**Work instructions**
For this listing, the lines between the one holding "Vintage hampden 18s" and the one holding "первый скриншот из Multiplayer Platform Golf", inclusive, must be set down exactly.

**Material provided**

-- Opening Marker --

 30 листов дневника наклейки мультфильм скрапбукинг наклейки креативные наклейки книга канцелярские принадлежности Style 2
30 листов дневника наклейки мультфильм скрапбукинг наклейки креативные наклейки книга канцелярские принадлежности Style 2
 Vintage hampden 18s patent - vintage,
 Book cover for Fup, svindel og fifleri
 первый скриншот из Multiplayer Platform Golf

-- Closing Marker --
-- Opening Marker --

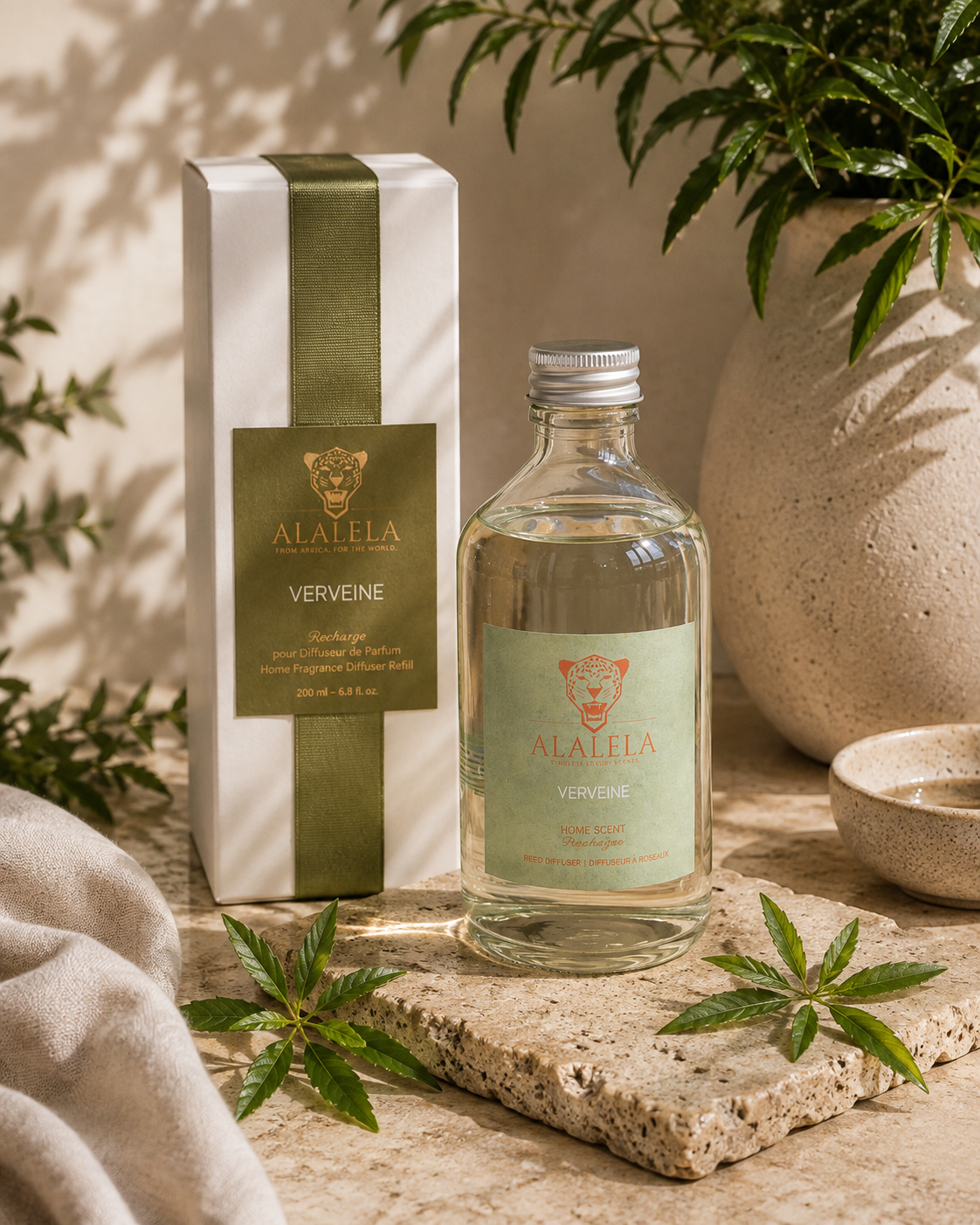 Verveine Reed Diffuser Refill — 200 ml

-- Closing Marker --

**Task answer**
 Vintage hampden 18s patent - vintage,
 Book cover for Fup, svindel og fifleri
 первый скриншот из Multiplayer Platform Golf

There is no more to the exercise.